Whether you have five dishes or sixty, the most important part of eating in Bengal is eating each dish seperately with a little bit of rice in order to savour its individual bouquet. The more delicate tastes always come first and it is only by graduating from these to stronger ones that you can accommodate the whole range of taste. Vegetables, especially the bitter ones, are the first item followed by dal, perhaps accompanied by fries or fritters of fish and vegetables. After this comes any of the complex vegetable dishes like ghanto or chachchari, followed by the important fish jhol as well as other fish preparations. Meat will always follow fish, and chutneys and ambals will provide the refeshing touch of tartness to make the tongue anticipate the sweet dishes.
With all these delicious flavors combined with textures to be chewed, sucked, licked and gulped with suitable chomps and slurps (the better the meal the louder the sounds of appreciation) the Bengali meal usually ends with a great fortissimo burp!

A distinct culinary tradition emerged in Bengal based on the availability of local ingredients. The great river systems, heat and humidity combine with the fertile soil to allow rice and an abundance of vegetables to thrive; these became the corner stones of the diet. Mangoes, bananas, coconuts, and cane sugar grew in abundance; fish, milk, and meat were plentiful; yogurt and spices such as ginger and black mustard would season the dishes.
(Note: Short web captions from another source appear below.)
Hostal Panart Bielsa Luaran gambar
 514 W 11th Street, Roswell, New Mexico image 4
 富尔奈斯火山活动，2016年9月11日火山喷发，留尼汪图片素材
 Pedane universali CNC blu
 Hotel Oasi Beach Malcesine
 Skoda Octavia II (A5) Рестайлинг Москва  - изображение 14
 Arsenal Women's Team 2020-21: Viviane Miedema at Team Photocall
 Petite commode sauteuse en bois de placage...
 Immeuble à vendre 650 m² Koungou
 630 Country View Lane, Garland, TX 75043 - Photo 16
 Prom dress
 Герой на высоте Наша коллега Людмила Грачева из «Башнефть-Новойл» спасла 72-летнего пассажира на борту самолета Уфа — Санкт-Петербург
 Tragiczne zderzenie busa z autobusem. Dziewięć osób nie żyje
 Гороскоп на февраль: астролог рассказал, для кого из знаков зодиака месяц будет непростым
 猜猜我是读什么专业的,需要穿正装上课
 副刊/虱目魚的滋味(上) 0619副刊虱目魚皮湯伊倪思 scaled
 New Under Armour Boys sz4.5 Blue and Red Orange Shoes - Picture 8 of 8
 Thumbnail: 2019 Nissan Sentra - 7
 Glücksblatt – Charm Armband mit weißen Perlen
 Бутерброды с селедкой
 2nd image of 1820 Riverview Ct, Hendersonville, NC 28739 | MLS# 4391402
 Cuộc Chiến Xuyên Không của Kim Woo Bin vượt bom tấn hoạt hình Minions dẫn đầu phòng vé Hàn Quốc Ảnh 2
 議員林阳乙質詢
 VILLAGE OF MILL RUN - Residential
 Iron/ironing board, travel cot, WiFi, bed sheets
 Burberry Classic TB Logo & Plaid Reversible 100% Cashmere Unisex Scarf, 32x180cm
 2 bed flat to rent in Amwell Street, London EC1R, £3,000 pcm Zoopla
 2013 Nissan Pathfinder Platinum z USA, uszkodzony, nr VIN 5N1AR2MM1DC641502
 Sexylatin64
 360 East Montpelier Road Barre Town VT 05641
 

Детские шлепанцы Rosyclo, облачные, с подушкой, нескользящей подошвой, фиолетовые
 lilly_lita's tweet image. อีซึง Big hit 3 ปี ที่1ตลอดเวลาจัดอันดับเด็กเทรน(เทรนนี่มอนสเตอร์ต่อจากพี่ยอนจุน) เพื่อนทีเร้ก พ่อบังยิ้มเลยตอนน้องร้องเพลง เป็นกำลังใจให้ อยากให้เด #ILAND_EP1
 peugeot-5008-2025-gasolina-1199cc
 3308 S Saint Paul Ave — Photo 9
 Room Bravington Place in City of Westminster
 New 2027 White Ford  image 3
Even though fish and meat were generally popular, there was a predisposition to vegitarianism, based on religious principles, that has continued to the present. Strict vegetarians also omit onion and garlic from their diet, foods that "heat rather than cool", preferring to substitute a garlicky-flavored spice called asafoetida. The taboo against the consumption of fish and meat became even stronger with the flowering of religions such as Jainism and Buddhism. But with the decline of Buddhism in the ensuing centuries, fish and meat returned to the menu.
Rice, the staple of Bengalis since ancient times, has remained untouched by the currents of religious change and its preparation has held to a continuing high standard. One crop a year was sufficient to sustain the people, providing ample leisure time for the Bengalis to pursue cultural ideals: folklore, music, and the culinary arts.
The 16th-century Mongol kings left their mark on the cooking of Northern India, which to this day is known as moghlai cooking. With the introduction of Islam, Bengali Moslems adopted dishes such as kababs, koftas and biriyani from their Moghul conquerors. But the major portion of Bengali Hindu cuisine retained its original characteristics except that the use of onion and garlic became more popular.
The European traders introduced food from the New World - potatoes, chillies, and tomatoes. Bengalis incorporated them into their diet, combining them with a variety of native ingredients creating new dishes.
Then as now, Bengali cooking is mostly confined to the home. Dishes are carefully prepared according to recipes handed down through generations. Modern Bengalis have become culinary innovators. They search for, and experiment with, foreign culinary ideas, incorporating such new food items as noodles, soy bean and custard into an increasingly cosmopolitan bill of fare. But in their hearts, they still delight in such traditional dishes as maacher chochori and rosogolla.